Russian-Ukrainian ice hockey player

Anatoli Nikolaevich Stepanishev (Анатолий Николаевич Степанищев; born 29 January 1961) is a Russian-Ukrainian former ice hockey player.

==Career==
Stepanishev began his career with Sokil Kyiv in the Soviet Championship League during the 1981–82 season. He played for Sokil until 1990, when he joined the Swiss team EHC Chur. He played for Chur, HC Davos, EHC Biel, SC Langnau, and HC Ambri-Piotta in Switzerland between 1990 and 1995. During that time he also played part of the 1993 and 1995 seasons with Sokil Kyiv in the International Hockey League, and he spent the entire 1993–94 season with EK Zell am See in the Austrian National League. Stepanishev played the entire 1995–96 season for Sokil, before joining HC Neftekhimik Nizhnekamsk, who he played for until 1999. He spent part of the 1998–99 season with Sokil Kyiv and retired following the 2000–01 season spent with the team.

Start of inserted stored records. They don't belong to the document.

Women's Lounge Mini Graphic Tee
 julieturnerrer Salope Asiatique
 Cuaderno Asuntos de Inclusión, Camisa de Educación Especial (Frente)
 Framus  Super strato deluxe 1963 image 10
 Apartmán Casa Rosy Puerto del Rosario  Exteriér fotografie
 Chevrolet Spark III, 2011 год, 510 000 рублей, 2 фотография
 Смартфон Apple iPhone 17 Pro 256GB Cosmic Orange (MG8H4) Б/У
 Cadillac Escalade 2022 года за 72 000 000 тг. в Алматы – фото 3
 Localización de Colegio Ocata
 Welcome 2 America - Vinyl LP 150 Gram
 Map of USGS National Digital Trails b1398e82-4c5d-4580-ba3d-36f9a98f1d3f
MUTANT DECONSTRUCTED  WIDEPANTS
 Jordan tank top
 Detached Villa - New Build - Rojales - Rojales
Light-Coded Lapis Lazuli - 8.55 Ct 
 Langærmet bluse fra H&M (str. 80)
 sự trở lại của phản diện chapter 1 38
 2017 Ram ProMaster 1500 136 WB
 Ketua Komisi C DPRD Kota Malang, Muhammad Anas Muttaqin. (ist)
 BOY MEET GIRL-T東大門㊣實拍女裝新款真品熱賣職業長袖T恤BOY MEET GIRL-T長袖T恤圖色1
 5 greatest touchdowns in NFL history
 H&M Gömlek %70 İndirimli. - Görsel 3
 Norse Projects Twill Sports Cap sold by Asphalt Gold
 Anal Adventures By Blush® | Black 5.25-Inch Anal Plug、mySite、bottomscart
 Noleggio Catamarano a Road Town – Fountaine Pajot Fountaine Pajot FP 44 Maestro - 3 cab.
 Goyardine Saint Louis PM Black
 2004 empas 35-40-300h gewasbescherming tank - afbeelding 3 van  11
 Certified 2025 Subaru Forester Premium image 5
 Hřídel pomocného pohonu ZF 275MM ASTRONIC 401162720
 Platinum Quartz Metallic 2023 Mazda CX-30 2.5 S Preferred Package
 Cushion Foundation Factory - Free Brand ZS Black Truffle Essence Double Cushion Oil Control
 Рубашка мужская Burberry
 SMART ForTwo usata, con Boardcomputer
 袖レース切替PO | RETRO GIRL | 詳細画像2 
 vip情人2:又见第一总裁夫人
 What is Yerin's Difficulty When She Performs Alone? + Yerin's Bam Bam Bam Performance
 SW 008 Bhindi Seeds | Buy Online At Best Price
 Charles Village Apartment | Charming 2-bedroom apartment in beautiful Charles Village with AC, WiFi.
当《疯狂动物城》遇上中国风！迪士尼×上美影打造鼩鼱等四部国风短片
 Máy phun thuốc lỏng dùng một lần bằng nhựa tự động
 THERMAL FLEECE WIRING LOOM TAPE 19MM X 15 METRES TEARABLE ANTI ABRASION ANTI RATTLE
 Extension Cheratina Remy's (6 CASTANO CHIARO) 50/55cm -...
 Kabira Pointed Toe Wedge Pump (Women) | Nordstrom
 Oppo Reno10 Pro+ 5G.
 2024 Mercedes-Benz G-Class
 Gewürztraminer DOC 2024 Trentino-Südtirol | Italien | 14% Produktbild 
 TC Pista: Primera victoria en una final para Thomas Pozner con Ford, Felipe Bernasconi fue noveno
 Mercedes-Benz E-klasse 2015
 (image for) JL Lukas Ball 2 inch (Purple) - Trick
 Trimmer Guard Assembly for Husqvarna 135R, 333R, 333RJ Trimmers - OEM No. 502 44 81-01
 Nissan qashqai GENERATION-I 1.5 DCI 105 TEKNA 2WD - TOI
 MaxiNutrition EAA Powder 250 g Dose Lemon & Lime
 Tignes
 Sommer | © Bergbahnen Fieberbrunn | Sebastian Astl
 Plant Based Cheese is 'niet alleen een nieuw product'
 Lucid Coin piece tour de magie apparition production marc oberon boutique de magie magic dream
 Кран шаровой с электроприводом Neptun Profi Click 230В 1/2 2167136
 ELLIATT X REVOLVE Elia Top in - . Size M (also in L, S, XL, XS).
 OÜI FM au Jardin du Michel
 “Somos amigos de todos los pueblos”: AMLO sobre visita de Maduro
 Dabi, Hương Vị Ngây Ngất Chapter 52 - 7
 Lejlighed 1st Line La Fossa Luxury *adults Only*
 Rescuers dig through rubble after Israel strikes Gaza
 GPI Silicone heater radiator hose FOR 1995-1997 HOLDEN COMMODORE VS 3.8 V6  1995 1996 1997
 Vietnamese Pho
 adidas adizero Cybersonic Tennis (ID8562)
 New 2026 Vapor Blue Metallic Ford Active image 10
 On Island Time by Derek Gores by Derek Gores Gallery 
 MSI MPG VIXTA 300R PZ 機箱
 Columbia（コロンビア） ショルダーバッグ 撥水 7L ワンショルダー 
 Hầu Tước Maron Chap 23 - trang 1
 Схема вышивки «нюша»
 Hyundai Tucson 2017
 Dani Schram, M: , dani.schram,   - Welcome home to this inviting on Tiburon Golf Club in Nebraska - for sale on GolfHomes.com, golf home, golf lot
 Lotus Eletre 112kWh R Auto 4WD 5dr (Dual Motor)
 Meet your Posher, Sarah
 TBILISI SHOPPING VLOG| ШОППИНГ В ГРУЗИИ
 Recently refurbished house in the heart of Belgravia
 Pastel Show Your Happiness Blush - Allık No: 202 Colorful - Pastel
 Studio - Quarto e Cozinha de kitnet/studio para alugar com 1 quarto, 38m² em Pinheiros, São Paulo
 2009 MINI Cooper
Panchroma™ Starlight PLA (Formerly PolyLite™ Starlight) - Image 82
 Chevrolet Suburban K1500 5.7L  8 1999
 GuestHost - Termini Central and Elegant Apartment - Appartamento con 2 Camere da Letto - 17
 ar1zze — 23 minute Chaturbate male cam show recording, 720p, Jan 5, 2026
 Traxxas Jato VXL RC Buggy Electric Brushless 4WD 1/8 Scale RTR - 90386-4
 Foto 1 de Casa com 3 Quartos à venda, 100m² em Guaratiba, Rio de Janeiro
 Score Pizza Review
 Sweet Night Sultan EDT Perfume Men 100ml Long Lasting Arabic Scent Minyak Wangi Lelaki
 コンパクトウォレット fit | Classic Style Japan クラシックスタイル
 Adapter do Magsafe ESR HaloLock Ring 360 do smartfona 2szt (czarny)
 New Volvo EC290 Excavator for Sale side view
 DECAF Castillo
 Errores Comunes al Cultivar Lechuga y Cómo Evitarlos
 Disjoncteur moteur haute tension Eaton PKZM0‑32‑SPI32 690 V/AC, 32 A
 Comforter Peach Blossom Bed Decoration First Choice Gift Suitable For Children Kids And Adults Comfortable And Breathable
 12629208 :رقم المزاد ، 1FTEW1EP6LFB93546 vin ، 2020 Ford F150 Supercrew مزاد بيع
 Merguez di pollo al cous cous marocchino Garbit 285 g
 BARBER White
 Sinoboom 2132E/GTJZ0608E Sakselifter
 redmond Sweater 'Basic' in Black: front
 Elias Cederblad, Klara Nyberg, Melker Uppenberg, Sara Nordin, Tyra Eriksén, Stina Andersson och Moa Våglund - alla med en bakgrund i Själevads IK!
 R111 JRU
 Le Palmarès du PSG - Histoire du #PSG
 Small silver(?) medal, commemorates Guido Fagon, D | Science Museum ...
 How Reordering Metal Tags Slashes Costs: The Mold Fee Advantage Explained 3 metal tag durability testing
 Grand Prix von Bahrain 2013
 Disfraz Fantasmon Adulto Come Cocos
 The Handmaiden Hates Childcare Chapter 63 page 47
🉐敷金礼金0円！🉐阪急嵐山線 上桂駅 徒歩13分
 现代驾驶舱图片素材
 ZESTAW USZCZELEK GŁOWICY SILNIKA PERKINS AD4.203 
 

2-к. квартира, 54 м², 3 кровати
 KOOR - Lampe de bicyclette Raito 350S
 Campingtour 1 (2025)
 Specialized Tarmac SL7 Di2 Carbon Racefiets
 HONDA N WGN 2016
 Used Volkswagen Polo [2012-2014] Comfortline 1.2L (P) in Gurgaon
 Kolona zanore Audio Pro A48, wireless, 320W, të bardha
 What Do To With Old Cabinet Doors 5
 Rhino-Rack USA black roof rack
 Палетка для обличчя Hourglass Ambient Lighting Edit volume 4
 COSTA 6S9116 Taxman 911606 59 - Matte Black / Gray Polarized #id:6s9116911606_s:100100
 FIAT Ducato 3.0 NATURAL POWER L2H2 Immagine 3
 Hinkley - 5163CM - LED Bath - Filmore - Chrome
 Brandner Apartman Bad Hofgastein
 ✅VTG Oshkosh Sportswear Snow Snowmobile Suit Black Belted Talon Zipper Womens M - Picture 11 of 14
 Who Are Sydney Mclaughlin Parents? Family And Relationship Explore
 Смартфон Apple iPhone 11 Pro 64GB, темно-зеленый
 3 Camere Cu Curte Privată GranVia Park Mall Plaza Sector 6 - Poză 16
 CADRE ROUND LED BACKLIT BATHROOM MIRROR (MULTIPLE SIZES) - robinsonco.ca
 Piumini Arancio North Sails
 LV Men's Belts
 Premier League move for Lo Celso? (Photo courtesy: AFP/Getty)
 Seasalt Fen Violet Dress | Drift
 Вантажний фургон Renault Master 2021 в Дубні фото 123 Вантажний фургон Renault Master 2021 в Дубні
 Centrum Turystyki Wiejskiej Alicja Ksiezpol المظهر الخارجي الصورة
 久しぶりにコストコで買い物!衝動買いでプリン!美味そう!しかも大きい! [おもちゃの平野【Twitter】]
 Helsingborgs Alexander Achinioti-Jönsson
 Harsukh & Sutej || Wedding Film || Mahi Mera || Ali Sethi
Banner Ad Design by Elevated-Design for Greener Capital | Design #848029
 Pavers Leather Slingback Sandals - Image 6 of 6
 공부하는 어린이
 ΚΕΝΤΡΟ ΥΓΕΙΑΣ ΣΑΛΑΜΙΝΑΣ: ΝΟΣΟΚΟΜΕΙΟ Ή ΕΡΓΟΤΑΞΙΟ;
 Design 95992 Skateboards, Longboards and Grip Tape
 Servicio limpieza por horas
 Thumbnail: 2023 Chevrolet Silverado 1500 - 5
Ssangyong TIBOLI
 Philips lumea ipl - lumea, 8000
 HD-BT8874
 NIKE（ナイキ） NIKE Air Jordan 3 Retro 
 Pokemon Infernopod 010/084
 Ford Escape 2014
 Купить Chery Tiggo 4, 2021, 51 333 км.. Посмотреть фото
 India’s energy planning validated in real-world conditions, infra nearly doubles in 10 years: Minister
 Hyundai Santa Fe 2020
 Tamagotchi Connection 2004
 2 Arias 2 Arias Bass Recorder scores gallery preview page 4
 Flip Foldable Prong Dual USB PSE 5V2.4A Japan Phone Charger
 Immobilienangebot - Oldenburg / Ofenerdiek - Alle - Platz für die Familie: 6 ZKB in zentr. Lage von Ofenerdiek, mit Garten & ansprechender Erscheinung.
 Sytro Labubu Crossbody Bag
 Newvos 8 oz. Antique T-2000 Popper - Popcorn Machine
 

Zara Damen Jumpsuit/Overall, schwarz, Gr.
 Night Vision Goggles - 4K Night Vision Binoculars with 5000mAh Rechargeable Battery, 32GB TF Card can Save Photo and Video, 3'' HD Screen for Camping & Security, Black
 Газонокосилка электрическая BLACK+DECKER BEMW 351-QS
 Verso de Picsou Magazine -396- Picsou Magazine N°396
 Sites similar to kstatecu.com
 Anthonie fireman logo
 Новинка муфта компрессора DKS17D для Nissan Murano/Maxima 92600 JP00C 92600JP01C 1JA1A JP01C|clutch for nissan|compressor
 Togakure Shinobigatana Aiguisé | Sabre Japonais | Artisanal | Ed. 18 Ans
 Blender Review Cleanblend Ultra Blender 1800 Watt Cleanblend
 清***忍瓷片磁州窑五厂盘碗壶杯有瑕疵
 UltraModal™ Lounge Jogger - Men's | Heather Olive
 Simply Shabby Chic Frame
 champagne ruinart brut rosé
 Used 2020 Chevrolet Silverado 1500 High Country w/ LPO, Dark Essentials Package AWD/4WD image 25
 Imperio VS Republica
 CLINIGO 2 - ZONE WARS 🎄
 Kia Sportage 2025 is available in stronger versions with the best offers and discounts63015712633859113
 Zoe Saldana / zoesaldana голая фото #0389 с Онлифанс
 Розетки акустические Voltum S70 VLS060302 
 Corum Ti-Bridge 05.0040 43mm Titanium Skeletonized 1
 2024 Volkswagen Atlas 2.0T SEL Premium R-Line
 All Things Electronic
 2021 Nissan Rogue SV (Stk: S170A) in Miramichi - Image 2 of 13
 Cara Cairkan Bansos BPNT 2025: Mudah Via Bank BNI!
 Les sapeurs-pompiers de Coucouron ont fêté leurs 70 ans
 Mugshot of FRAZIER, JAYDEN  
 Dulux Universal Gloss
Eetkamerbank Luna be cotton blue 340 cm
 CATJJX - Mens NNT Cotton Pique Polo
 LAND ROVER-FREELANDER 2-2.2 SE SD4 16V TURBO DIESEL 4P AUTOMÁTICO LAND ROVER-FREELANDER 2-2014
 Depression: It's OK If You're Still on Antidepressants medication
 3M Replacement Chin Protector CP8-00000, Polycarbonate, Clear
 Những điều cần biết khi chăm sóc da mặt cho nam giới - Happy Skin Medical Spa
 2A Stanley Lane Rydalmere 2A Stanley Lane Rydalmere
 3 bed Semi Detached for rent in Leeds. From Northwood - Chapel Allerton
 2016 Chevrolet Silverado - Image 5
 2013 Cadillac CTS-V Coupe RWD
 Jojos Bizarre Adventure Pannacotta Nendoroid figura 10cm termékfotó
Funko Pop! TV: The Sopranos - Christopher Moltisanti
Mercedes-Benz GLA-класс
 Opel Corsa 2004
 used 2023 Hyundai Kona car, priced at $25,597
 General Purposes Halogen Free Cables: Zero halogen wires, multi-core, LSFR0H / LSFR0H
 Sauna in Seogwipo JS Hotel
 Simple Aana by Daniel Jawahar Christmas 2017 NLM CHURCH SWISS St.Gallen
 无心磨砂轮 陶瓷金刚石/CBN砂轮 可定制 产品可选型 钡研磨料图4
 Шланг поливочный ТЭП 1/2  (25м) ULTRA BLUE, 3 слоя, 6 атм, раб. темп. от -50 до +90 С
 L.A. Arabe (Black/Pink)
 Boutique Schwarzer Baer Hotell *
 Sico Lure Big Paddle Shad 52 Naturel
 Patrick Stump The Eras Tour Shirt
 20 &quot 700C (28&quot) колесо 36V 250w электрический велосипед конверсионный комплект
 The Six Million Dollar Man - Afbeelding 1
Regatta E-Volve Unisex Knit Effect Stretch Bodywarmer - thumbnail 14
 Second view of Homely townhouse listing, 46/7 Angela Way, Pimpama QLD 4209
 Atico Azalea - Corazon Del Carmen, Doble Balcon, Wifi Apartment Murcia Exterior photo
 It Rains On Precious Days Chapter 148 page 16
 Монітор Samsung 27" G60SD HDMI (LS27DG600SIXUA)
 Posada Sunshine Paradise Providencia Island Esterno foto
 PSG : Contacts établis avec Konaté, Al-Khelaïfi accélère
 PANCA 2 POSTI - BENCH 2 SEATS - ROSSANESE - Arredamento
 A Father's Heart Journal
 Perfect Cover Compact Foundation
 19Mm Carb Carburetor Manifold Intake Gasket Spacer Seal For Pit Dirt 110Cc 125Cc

Internationally, Stepanishev played for the Ukraine men's national ice hockey team at the World Championships in 1993 (Pool C), 1994 (Pool C), 1995 (Pool C), 1996 (Pool C), 1997 (Pool C), 1998 (Pool B), and 1999 (Top Division).

He worked as an assistant coach for Kuban Krasnodar in the Higher Hockey League. Since 13 July 2015 till 6 February 2017, he worked as a main coach of HC Donbass in the Ukrainian Hockey Championship.